Sourcerer: Sample-based Maximum Entropy Source Distribution Estimation

Identifying the source distribution behind observed data is an ill-posed problem. Sourcerer [Vet24S] introduces a novel approach based on maximum entropy to preserve the maximum level of uncertainty in the source distribution, while yielding a unique solution.

Mathematical and computational simulators are instrumental in modeling complex scientific and industrial problems. A prevalent difficulty across domains is identifying parameters that lead to certain experimental observations.

We will consider a stochastic simulator $f(\theta)=x,$ capable of producing observations $x$ from a set of parameters $\theta.$ This simulator enables the generation of samples from the likelihood $p(x \mid \theta),$ which is typically either intractable or unavailable.

Evaluating this simulator on various parameter configurations yields a dataset $\mathcal{D} = \{x_1, \dots, x_n\}$ and a corresponding empirical distribution $p(x_o).$ With Sourcerer, [Vet24S] introduces a strategy to determine a distribution $q(\theta)$ that, when processed through the simulator, results in the empirical push-forward distribution $q^{\#}(x)$ given by:

$$q^{\#}(x) = \int_{\Theta} p(x \mid \theta)q(\theta)d\theta$$

A well-known tactic for estimating the source distribution is empirical Bayes, which refines the parameters $\phi$ of the prior by maximizing the marginal likelihood:

$$p(\mathcal{D}) = \prod_i \int p(x_i \mid \theta)q_{\phi}(\theta) d\theta$$

However, this approach is inadequate for simulators where the likelihood is unavailable or where the problem of parameter estimation is ill-posed.

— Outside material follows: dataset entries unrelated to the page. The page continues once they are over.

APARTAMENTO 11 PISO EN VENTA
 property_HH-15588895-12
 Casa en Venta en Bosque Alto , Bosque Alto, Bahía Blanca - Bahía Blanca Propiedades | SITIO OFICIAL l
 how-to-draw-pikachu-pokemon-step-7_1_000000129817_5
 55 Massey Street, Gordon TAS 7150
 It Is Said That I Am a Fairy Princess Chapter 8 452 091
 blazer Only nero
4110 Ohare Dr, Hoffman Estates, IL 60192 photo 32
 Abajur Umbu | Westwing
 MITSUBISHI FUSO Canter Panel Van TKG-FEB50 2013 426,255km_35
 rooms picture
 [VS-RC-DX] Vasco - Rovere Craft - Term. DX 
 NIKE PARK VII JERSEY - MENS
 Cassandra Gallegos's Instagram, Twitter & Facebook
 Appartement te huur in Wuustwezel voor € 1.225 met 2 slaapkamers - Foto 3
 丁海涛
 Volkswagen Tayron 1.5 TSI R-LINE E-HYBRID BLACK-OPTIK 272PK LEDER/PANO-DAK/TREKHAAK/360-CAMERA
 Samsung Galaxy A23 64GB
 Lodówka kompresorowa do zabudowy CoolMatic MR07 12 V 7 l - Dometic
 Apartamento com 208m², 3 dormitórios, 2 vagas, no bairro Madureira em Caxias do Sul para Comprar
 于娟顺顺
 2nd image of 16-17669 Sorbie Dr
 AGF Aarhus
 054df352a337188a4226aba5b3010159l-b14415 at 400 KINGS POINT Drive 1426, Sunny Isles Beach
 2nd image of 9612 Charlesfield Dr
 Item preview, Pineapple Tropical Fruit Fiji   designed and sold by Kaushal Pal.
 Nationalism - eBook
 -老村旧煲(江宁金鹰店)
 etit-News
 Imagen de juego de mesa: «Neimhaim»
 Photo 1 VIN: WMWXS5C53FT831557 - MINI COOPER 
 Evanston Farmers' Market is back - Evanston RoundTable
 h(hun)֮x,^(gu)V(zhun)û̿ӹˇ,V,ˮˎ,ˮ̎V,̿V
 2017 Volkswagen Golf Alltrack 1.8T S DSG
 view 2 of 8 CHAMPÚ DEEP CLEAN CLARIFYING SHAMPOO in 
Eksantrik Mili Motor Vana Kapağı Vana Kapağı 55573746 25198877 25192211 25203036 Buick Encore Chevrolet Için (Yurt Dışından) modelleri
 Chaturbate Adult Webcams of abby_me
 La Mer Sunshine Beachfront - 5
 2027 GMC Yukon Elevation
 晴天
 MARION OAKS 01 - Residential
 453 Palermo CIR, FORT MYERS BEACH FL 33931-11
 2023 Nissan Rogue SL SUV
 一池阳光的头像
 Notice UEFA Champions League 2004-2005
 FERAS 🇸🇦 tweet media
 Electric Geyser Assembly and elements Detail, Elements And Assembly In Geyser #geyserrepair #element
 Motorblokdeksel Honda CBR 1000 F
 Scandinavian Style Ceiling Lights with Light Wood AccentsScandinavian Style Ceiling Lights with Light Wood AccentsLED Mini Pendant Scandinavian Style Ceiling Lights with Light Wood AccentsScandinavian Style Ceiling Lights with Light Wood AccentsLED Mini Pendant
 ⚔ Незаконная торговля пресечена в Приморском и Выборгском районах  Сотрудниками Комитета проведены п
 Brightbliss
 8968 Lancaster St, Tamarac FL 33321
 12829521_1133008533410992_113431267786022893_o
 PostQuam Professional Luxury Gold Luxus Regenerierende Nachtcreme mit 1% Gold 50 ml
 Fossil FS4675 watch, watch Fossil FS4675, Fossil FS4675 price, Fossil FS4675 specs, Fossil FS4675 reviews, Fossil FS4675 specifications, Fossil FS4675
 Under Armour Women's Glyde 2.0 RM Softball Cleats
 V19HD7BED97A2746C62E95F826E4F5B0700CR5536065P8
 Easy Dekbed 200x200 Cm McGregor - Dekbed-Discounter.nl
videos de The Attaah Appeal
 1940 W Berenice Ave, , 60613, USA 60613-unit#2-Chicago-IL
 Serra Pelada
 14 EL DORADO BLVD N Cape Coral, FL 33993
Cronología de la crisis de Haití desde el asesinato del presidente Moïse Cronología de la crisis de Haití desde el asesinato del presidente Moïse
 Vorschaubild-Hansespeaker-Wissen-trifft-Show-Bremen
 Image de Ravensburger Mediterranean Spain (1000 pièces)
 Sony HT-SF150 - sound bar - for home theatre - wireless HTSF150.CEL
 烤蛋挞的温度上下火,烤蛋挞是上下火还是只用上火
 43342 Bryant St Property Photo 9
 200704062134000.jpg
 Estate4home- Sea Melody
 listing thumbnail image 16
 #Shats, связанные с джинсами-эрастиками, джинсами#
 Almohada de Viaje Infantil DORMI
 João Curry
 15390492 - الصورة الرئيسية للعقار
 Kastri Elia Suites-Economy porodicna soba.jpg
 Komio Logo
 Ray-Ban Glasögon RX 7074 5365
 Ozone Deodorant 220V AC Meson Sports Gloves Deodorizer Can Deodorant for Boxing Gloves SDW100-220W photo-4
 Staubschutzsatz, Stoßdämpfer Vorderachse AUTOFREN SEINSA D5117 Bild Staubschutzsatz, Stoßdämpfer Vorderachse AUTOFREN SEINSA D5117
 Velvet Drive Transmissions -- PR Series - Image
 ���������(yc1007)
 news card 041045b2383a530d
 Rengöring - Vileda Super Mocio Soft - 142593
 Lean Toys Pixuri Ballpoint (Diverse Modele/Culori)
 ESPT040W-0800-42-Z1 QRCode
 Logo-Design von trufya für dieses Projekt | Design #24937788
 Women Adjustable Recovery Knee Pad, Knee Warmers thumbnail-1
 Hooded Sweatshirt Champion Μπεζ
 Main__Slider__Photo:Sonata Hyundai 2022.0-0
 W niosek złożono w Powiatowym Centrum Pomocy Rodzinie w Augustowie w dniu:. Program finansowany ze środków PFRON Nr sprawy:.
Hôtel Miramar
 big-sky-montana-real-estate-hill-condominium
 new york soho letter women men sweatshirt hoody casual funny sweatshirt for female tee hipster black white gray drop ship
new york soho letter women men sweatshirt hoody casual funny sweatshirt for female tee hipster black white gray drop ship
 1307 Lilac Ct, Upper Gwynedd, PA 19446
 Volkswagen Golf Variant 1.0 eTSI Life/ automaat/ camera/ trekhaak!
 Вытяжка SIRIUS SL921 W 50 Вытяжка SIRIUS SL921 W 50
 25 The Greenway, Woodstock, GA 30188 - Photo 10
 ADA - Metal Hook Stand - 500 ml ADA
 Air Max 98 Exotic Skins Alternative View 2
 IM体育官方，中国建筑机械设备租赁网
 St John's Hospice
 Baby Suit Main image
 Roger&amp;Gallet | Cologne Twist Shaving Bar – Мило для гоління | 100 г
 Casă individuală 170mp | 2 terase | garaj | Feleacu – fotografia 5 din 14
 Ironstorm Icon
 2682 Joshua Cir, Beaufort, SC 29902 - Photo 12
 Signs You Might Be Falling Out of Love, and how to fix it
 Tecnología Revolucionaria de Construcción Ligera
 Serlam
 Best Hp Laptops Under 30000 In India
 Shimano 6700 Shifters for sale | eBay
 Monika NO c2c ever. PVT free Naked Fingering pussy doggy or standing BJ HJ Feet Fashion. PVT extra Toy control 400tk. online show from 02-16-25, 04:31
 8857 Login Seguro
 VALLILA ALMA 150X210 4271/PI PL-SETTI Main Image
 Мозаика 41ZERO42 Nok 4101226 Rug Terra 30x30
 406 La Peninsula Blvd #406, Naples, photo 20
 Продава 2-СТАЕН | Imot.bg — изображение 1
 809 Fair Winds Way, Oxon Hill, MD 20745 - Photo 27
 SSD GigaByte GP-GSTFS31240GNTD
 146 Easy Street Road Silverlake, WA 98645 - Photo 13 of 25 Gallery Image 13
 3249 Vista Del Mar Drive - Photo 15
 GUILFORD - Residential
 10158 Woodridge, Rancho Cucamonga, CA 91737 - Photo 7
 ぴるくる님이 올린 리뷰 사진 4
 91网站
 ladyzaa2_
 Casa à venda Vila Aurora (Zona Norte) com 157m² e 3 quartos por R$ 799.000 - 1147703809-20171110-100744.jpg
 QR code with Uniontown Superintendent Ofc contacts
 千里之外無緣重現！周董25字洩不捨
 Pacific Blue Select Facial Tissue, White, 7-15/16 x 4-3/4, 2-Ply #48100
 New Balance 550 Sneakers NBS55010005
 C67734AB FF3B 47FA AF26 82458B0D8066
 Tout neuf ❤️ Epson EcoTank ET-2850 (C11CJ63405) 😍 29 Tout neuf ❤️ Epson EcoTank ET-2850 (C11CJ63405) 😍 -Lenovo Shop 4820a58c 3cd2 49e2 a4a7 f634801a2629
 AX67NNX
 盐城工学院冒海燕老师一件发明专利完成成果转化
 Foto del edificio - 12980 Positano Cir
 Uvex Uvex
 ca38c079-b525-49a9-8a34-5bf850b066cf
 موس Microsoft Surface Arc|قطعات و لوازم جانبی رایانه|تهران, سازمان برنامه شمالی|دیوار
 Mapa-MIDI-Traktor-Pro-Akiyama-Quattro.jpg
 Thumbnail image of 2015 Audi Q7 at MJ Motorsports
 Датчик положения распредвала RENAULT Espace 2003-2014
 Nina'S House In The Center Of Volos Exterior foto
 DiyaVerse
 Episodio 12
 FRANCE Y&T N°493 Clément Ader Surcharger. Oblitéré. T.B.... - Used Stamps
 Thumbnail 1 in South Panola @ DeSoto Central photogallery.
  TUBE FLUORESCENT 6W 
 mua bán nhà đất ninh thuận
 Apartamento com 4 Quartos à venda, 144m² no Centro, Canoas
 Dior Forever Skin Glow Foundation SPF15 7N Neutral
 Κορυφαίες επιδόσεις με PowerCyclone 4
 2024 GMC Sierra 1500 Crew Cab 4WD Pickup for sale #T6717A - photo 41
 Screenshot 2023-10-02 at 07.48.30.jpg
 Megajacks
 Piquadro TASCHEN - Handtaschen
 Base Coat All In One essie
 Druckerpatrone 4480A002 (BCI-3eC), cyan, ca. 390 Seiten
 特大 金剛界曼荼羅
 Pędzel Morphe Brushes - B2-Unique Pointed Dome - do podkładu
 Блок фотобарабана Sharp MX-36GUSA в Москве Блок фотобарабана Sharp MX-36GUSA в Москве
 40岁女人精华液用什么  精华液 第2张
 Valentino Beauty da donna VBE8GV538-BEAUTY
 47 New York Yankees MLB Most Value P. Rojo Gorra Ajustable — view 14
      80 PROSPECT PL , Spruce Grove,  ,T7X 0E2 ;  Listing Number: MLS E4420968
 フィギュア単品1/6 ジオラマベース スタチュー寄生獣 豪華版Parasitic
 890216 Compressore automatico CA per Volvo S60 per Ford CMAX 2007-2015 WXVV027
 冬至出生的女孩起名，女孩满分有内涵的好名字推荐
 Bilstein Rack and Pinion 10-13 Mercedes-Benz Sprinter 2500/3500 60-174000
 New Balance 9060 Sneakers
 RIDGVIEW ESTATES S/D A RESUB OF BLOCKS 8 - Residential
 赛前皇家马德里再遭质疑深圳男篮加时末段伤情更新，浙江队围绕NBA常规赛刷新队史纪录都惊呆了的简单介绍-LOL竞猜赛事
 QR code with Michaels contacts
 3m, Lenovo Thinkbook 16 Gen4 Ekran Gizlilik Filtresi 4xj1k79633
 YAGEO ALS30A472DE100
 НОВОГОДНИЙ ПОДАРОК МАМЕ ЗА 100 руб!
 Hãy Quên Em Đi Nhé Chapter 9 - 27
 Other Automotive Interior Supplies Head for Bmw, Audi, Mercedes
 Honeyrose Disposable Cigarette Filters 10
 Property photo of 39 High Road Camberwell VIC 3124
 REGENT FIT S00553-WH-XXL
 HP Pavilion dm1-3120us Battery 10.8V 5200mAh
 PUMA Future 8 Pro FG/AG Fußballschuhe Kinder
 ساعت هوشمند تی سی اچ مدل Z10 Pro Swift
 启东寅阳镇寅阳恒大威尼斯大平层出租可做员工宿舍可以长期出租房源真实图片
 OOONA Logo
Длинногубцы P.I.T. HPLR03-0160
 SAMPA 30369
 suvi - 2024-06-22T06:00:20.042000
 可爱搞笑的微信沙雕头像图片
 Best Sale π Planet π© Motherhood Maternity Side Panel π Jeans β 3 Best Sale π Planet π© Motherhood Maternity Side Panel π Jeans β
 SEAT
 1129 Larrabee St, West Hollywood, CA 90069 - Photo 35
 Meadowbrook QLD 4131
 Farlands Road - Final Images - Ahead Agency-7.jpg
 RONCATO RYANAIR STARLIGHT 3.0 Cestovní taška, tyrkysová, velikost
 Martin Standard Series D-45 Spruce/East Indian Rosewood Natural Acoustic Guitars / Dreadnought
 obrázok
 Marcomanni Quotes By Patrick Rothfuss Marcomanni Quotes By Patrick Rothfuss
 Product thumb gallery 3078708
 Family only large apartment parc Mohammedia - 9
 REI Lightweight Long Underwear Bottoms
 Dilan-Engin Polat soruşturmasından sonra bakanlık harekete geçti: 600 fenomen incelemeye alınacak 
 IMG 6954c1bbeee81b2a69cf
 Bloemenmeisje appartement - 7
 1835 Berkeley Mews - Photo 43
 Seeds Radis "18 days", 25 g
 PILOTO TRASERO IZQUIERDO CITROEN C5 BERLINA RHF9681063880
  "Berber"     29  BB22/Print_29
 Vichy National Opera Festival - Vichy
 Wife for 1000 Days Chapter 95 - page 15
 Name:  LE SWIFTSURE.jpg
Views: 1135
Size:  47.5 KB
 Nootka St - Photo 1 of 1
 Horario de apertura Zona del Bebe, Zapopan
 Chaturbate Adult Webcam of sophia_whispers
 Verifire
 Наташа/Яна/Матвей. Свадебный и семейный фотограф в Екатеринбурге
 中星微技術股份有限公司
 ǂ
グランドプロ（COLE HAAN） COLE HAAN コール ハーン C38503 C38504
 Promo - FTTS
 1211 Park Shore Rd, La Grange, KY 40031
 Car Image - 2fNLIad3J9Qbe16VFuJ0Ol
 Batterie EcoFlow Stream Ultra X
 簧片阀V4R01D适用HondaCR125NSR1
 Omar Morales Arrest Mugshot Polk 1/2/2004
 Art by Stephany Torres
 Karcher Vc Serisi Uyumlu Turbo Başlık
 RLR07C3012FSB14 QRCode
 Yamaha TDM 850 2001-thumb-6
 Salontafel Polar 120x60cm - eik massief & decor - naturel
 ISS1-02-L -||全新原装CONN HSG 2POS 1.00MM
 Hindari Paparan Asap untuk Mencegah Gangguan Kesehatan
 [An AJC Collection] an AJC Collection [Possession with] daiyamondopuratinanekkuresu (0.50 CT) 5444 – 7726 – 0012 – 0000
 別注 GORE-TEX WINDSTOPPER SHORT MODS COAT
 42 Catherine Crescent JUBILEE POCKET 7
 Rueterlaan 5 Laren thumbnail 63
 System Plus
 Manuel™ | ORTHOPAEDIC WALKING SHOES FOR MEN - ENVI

Maximum Entropy Source Distribution Estimation

The authors choose between competing source distributions taking the one that maximizes entropy. Intuitively this it the one that embodies the greatest level of ignorance: The entropy $H(p)$ of a distribution $p$ is defined as $H(p) = -\int p(\theta)\ \log p(\theta)\ d\theta.$ To identify the maximum entropy source distribution, [Vet24S] propose to maximize $H(q),$ subject to the constraint that the push-forward distribution $\int p(x\mid \theta) q(\theta) d\theta$ equals the empirical distribution $p(x_o).$

As shown by the authors, optimizing the entropy of $q(\theta)$ yields a unique source distribution, if it exists. To implement it, they relax the functional equality constraint with a penalty term, leading to the unconstrained problem

$$\max \left \{ \lambda H(q) - (1-\lambda) \log(D(q^{\#}, p_o)^2) \right \},$$

where $D(q^{\#}, p_o)$ measures the discrepancy between the push-forward and the empirical distributions, and $\lambda$ controls the penalty strength. The authors propose to use the Sliced-Wasserstein distance, as it is sample-based and circumvents the direct evaluation of the likelihood. The logarithmic term enhances numerical stability.

Incorporating the Bayesian perspective, with prior information about the source, the authors substitute the entropy term $H(q)$ with the Kullback-Leibler (KL) divergence between the estimated source distribution $q(\theta)$ and the initial prior $p(\theta).$ Doing so can be seen as regularizing the solution to stay close to the prior. Since the KL divergence includes the entropy $H(q)$ and the cross entropy $H(q,p),$ this new formulation remains amenable to sample-based estimation and the initial intention to include a large portion of the parameter space. The optimization thus becomes a balance between the KL divergence and the discrepancy measure:

\begin{align} & \lambda D_{\text{KL}}(q \Vert p) + (1 - \lambda) \log \left( D(q^{\#},p_o)^2 \right) \\ = - & \lambda H(q) + \lambda H(q,p) + (1 - \lambda) \log \left( D(q^{\#},p_o)^2\right). \end{align}

In the second line, the KL-divergence is expressed in terms of entropy and cross-entropy between the source and the prior distribution.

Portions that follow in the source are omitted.